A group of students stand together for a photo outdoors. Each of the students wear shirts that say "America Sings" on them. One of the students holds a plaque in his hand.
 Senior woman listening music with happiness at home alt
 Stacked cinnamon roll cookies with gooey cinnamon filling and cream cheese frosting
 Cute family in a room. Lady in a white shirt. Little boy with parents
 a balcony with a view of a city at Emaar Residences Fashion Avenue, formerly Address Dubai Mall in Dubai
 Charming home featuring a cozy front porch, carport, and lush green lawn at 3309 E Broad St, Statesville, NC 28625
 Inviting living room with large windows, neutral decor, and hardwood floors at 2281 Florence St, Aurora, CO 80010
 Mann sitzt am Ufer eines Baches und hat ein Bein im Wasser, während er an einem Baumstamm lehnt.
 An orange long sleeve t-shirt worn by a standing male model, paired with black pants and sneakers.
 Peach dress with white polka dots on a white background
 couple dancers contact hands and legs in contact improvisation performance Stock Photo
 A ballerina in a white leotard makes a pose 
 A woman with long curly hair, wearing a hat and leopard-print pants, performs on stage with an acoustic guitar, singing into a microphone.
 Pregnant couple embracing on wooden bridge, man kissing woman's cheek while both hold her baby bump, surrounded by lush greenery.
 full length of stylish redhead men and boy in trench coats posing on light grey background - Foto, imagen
*-*-*
- _Exercise description_
Each line from the top of the data, up to and including the line that contains "a balcony with", should be set down exactly.

- _Response below_
A group of students stand together for a photo outdoors. Each of the students wear shirts that say "America Sings" on them. One of the students holds a plaque in his hand.
 Senior woman listening music with happiness at home alt
 Stacked cinnamon roll cookies with gooey cinnamon filling and cream cheese frosting
 Cute family in a room. Lady in a white shirt. Little boy with parents
 a balcony with a view of a city at Emaar Residences Fashion Avenue, formerly Address Dubai Mall in Dubai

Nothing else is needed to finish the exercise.